I'm sorry for everything. i woke up with two citations stapled to my shirt.
Uh i was pretty wasted sat, so if i was weird it wasnt me. It was just vodka bein weird w my phone
Tonite tequila might call you
Be prepared
I just google mapped his house on satellite so i can really see how much money he has. Does that make me shallow?
its been so long since i'vebeen laid i've forgotten what a penis looks like. When a guy makes me hot i picture him finishing the job by whipping a multi-setting showerhead out of his pants.
i'm too stoned to be pregnant. the kicking is morse code for wanting beef jerky.
when i spit it made a heart shape. i think it's a sign
Last thing I remember is Dusty riding the bikes we "borrowed" from the hotel through the CVS while the rest of us picked up the girls who were laughing at him
Every concussion has its silver lining
I kind of learned that hotels are unnecessary. Boys will just take you home, but that's tough with a group. I believe in us, though.
When we got home I apparently addressed everyone as 'peasant' since it was my birthday, this followed by me demanding for my "peasants to wash me".

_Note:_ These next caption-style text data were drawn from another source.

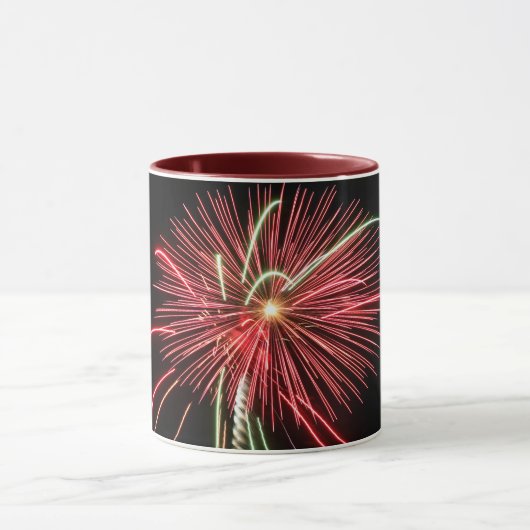 Red Fireworks Mok (Midden)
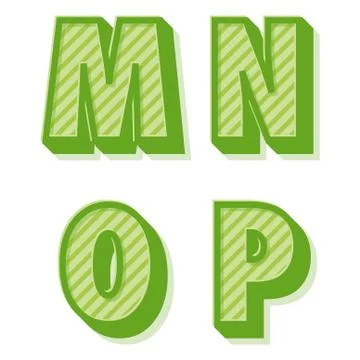 Vector retro alphabet Stock Illustration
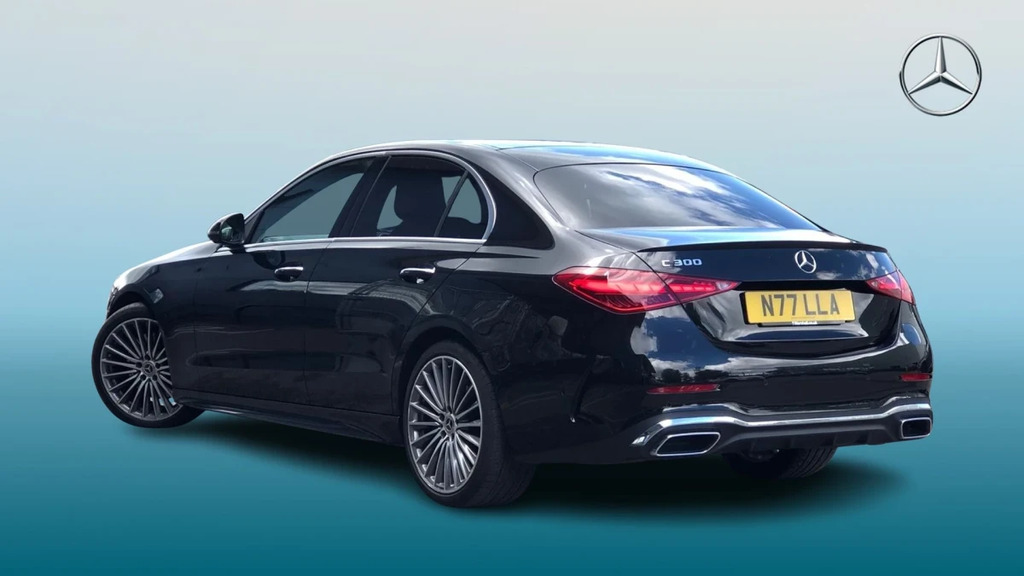 Mercedes-Benz C Class C 300 Amg Line Prem Mhe KP72VYG Black #2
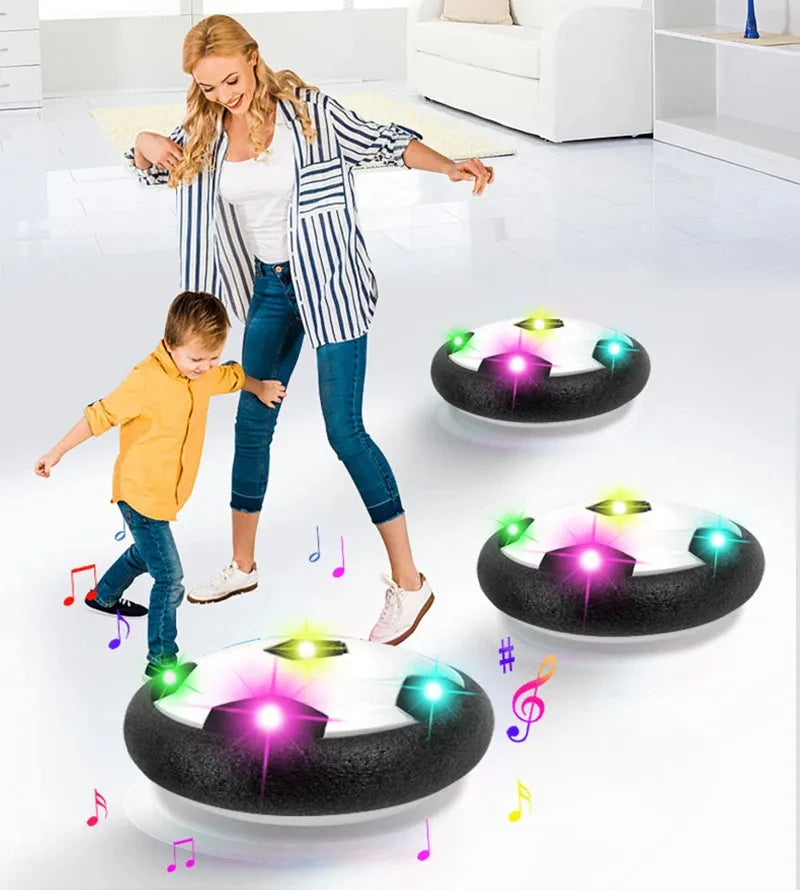 Ballon de Football Électrique Flottant avec Lumière LED et Musique - le coffre a jouets- Musique et lumière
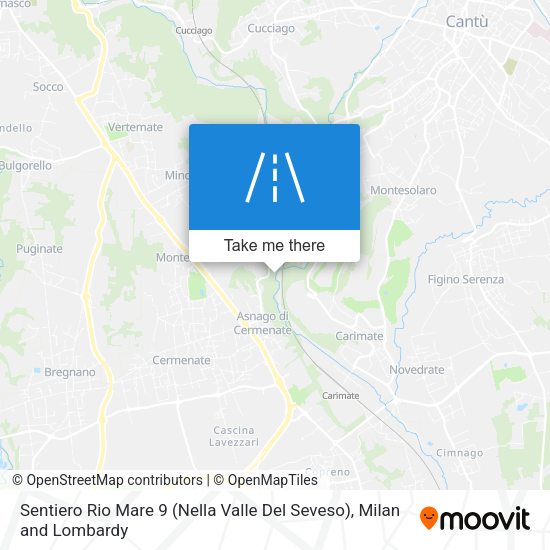 Sentiero Rio Mare 9 (Nella Valle Del Seveso) map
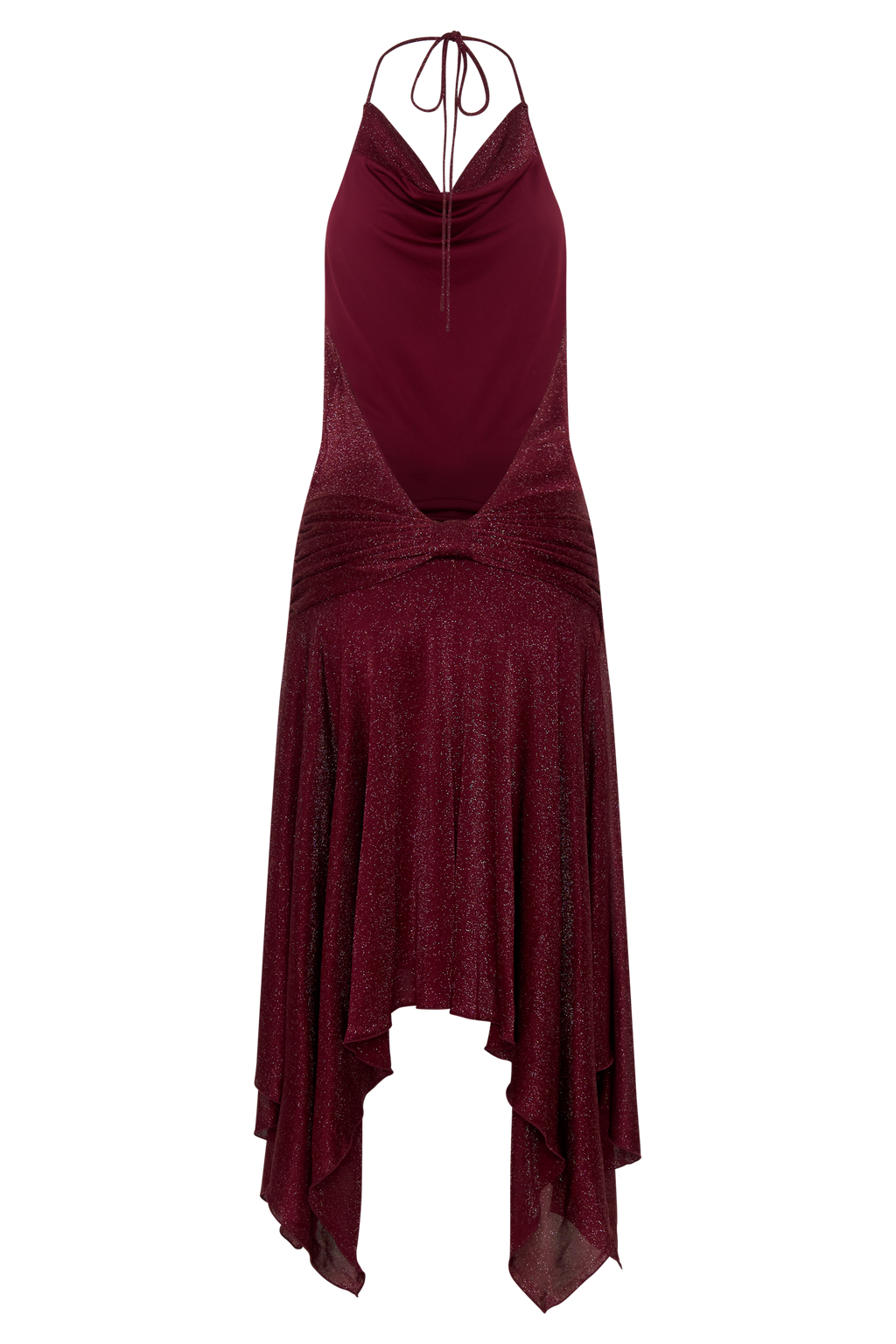 Hankie Midi Dress - Wine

Ok, now help me add to my topless picture collection, i'm going to make myself a calendar
I woke up at 3:30 this morning to pee. Luckily, I didn't have to travel far as I was asleep in my CLOSET on my yoga mat. Good news is I had a pillow...
He asked me if I want to play Uber Driver, is this some new sex game or is he drunk and asking for a ride home?
The stripper was super into me until she pulled out my tits then I realized.... This bitch is just using my ass to get MORE TIPS
I really love you. Like, more than tequila...& we both know that's my favorite.